GOOGLE RECRUITING [UPDATED]
Google is currently putting up billboards that read:
{first 10-digit prime found in consecutive digits of e}.com
Luckily for us, this is a ridiculously simple problem to solve. Assuming Net::DNS (or libnet-dns-perl),
#!/usr/bin/perl
use Net::DNS;
my $resolver = Net::DNS::Resolver->new;
my $e = '27182818284590452353602'
.'874713526624977572470936999595'
.'749669676277240766303535475945'
.'713821785251664274274663919320'
.'030599218174135966290435729003'
.'342952605956307381323286279434'
.'907632338298807531952510190115'
.'738341879307021540891499348841'
.'67509244761460668';
foreach (0 .. length $e) {
my $n = substr $e, $_, 10
my $q = $resolver->search("$n.com");
if ($q) {
print $n, "n";
last;
}
}
The answer? 7427466391.com. I’ll let you all solve the second problem on your own (which is equally simple).

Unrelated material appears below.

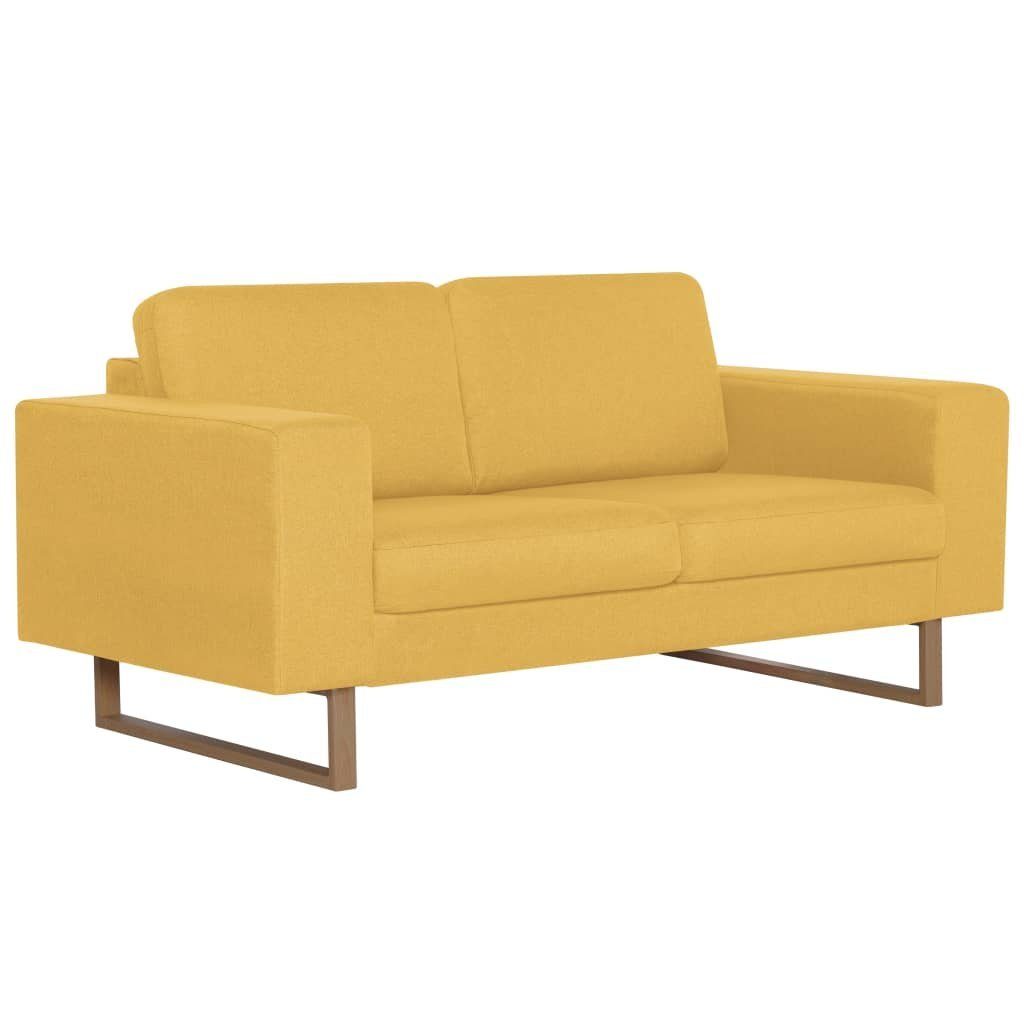 Sofa vidaXL Stoff Gelb 2-Sitzer-Sofa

UPDATE: This solution was posted on Slashdot an hour or so after I found it. If you know Mathematica well, check this out:
en = N[[ExponentialE], 1000];
Table[x = (Floor[en*(10^k)*10^10] -
Floor[en*(10^k)]*10^10);
If[PrimeQ[x], {k, x}, {k, 0}], {k, 0, 100}]
Very nice work. You gonna work for google now?
-Andy
I was a little miffed my solution for the second problem was rejected.
f(1) is the 10 digit string starting from the 2nd digit in e
f(2) the 6th place
f(3) the 24th place
f(4) the 100th place
Now if this were a true function, we would look for the recursive formula for the sequence 2,6,24,100
Which happens to be f(1)=2, f(k+1)=f(k)*(k+2)
So f(4+1) = 100 * (4+2) = 600.
The sequence of 10 digits starting from position 600 is
1730123819
But that wasn’t the answer.
Perhaps this is why I had a C average in college mathematics.
yes i realize my solution is a round-about way to get the answer, and yes i realize that it’s not mathematically rigorous to say the least, but hey … i got it.
yea that’s totally correct sloppy. i don’t know why it isnt workin … but hey, if you’re interested, the page you get to is here. Someone also solved it relatively easiliy, although through a foreign method (to me, at least), on Slashdot.